- WHAT TO DO
The entries below must be retyped exactly. Pictures are to be omitted.
*** Opening of EXERCISE INPUTS ***
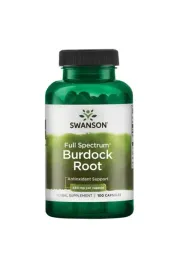 swanson-full-spectrum-burdock-root-korzen-lopianu-460-mg-100-kaps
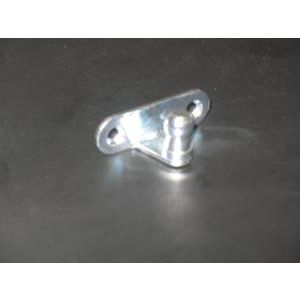 Stoneshield Gas Strut Bracket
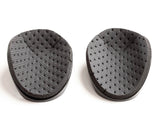 Mini Closed Back Arm Cups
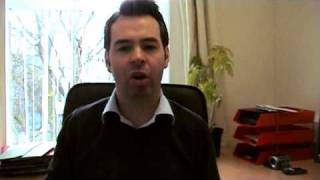 Web Design Belfast - Codefixer Software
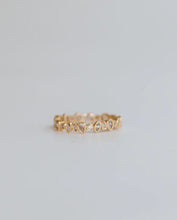 Load image into Gallery viewer, The Luxe Collection Rings *FINAL SALE*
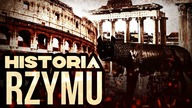 Legendy i Krolestwo - Rzym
*** Close of EXERCISE INPUTS ***
- RESULT FOR THIS TASK
 swanson-full-spectrum-burdock-root-korzen-lopianu-460-mg-100-kaps
 Stoneshield Gas Strut Bracket
 Mini Closed Back Arm Cups
 Web Design Belfast - Codefixer Software
 Load image into Gallery viewer, The Luxe Collection Rings *FINAL SALE*
 Legendy i Krolestwo - Rzym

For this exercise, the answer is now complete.